EXERCISE DETAILS:
Only one span of the material below is wanted. Output it exactly, from the line with "An exciting view" through the line with "Two pears on", without any pictures.

DATA FOR REVIEW:
__________

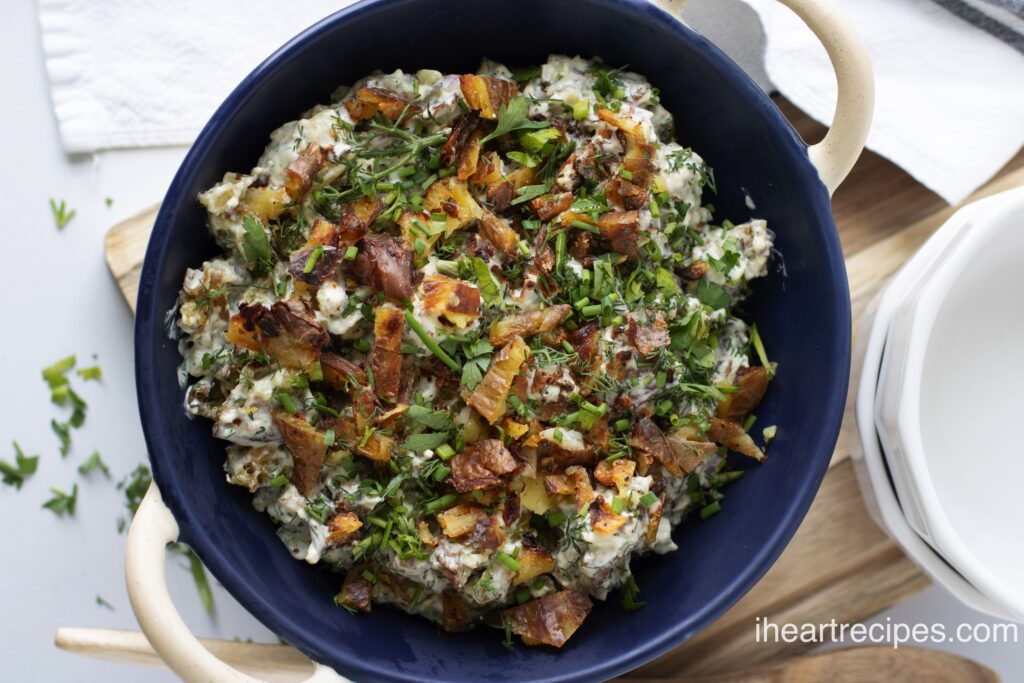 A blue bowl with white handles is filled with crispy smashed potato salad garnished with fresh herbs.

__________

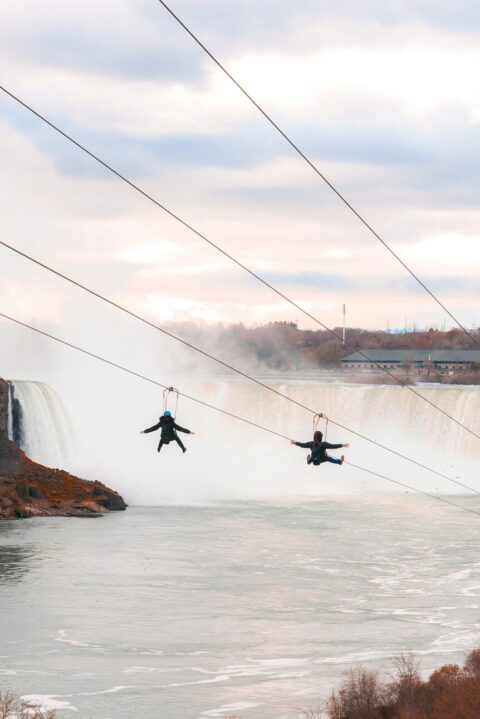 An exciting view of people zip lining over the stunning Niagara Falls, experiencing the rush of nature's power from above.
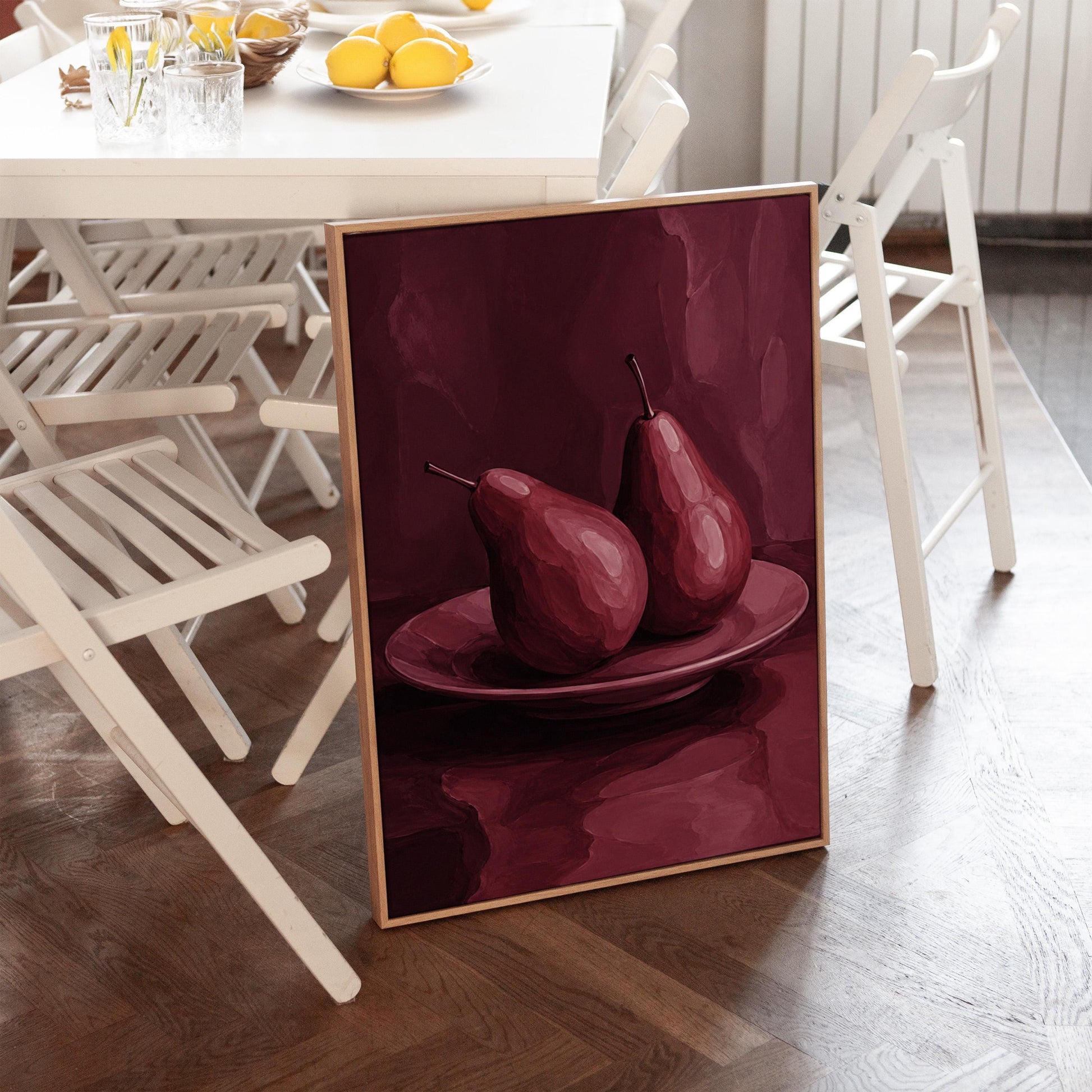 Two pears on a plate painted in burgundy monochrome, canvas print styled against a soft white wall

__________

ANSWER SECTION:
 An exciting view of people zip lining over the stunning Niagara Falls, experiencing the rush of nature's power from above.
 Two pears on a plate painted in burgundy monochrome, canvas print styled against a soft white wall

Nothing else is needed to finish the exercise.